邓小建抬起头偷偷的看着周围每个人的脸色,诚惶诚恐的在我拉动下尖着屁股坐到床板上。我给他说:
“小建你详细的给我们说说情况,他们都是什么人?是那里的?一共有几个人?一般都住哪里?你是怎样知道这件事情的?他们怎么干坏事情你详细的给我们说说。”
邓小建末了一把眼泪说:
“那一天我在南郊的边家村朋友家玩,来了一个人是安徽的他和我的朋友认识,他们关系不错。后来我那段时间没事经常去也就和他熟悉了,他知道我是‘查户口’地有天对我说,让我偷个小孩六七岁以下的不管男娃女娃都行,他说我偷一个娃给我三千块钱。我问他偷人家娃娃干啥?他没有给我说,我就没有应承他。我嫌烦,娃娃家爱哭我哄不了。后来时间长了我知道他们原来是把娃娃往死的整。我越发不敢了。他们干这个行当的好像一共四个人,里面一个女人,长得风*的很,到人跟前一股子香水味我受不了,爱穿旗袍大冷天有时都穿,把她那长腿喜欢露出来。他把我当小孩看有时把我搂住她那对奶大的很,把我憋的气都透不出来。”

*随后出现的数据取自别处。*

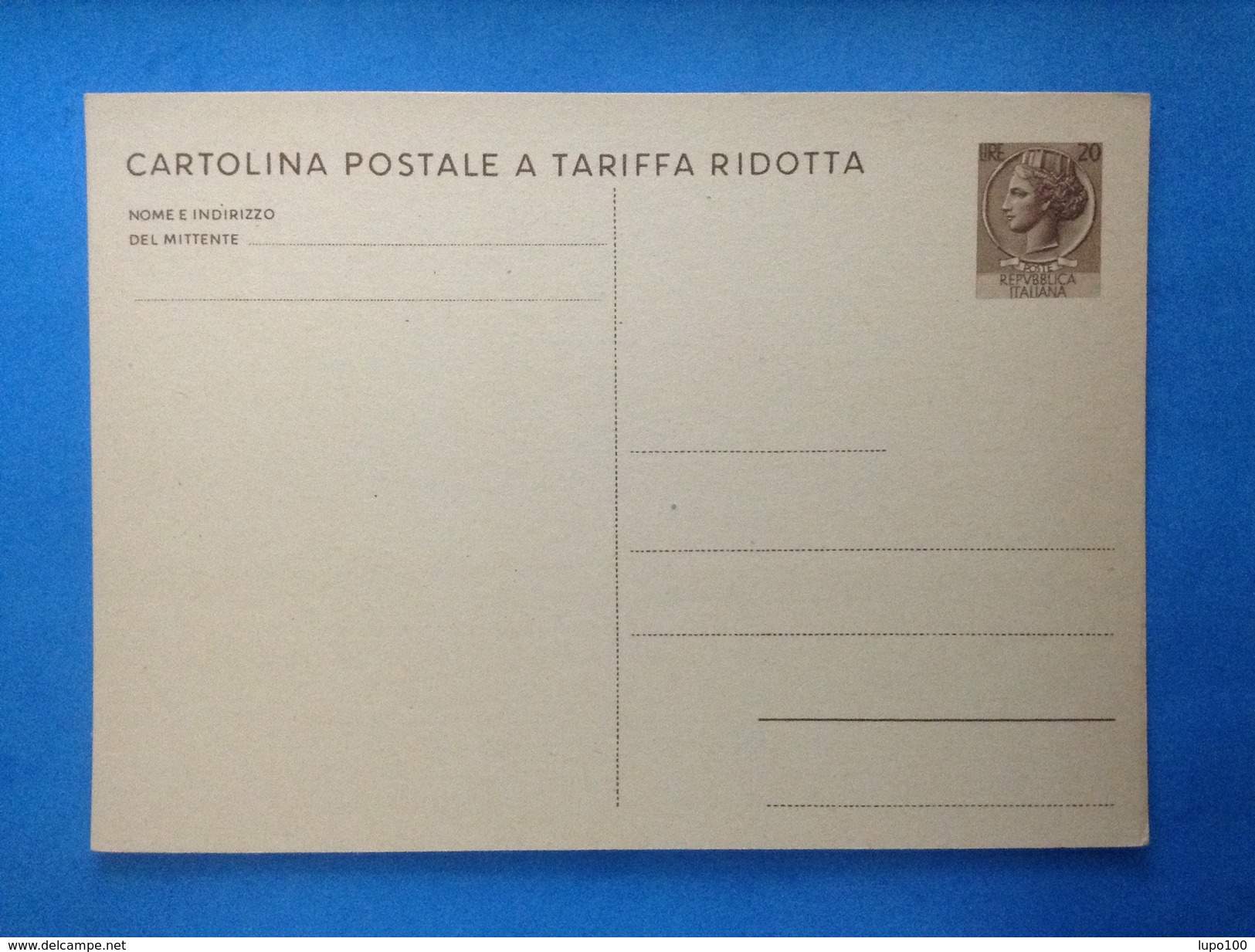 1971 ITALIA CARTOLINA POSTALE A TARIFFA RIDOTTA NUOVA NEW MNH** - SIRACUSANA TURRITA DA 20 LIRE - - Interi Postali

“你不要说这个女人了,继续往下说!”我怕大家听下去谁又要打小建赶紧阻止他说女人。我们这帮子人不喜欢讨论那些风*女人。
“不说不行,关键是这个女人平常带孩子。她叫姬美珍,和他好的那个人就是安徽的,是头!姓高。那两个平时都听他的。他们偷来孩子一般先养半个月左右,把娃娃收拾的干净的很,给买好奶粉叫娃喝。比对自己的娃娃都好。有一回他们偷的娃娃经常带到我们经常玩的边家村来,那个娃娃真好看,灵得很!有两岁左右,我一逗就格格的笑。没几天我就听说那个娃娃殁了。”我听到这愤怒的问:
“那他们就不怕公丨安丨局抓住了枪毙?”
“他们不怕!狗日的门道大的很。我听说他们是这样的,先把娃娃养好,熟悉了就有那两个家伙去外面寻找合适的诊疗所,踩好点,这对狗男女就给娃娃拿凉水洗澡。把娃娃洗感冒了就叫个出租车去那个看好的诊所给娃娃打针。去的时候他们两个收拾的像有身份的人一样。姓高的还要给上衣口袋擦两只笔。到诊所你们知道一般连住两天娃娃的烧都退不了,他们狗日的回到家给娃还拿凉水洗怕娃娃抵抗力高自己好了。又洗了就好不了!然后到第三天去诊所那个女人的小包包里就装了药,那个药不是毒药,是和什么抗生素犯着的药,如果用了抗生素坚决不敢用这药,用了人就殁了。到医院还查不出来原因。公丨安丨局就是查也没办法查出来,那个姓高的说那个药和抗生素是一个成分打到人身上就发现不了。他们拉我干的时候给我说的。我真的没和他们干,嫌损德哩!然后那个姓高的男人给娃偷偷的打针。一打娃娃就昏迷了,不出一天娃娃就死了。然后医生就吓坏了,他们的亲戚就是那两个同伙也就来了,说是娃娃的舅舅什么的抓住医生先收拾一顿。然后要去报案什么的,把医生吓得。诊所就关了门他们在里面把医生整的最后有多大的能力就用多大的能力找来借来全部的钱给他们。诊所也就再也不敢开了,关张了。”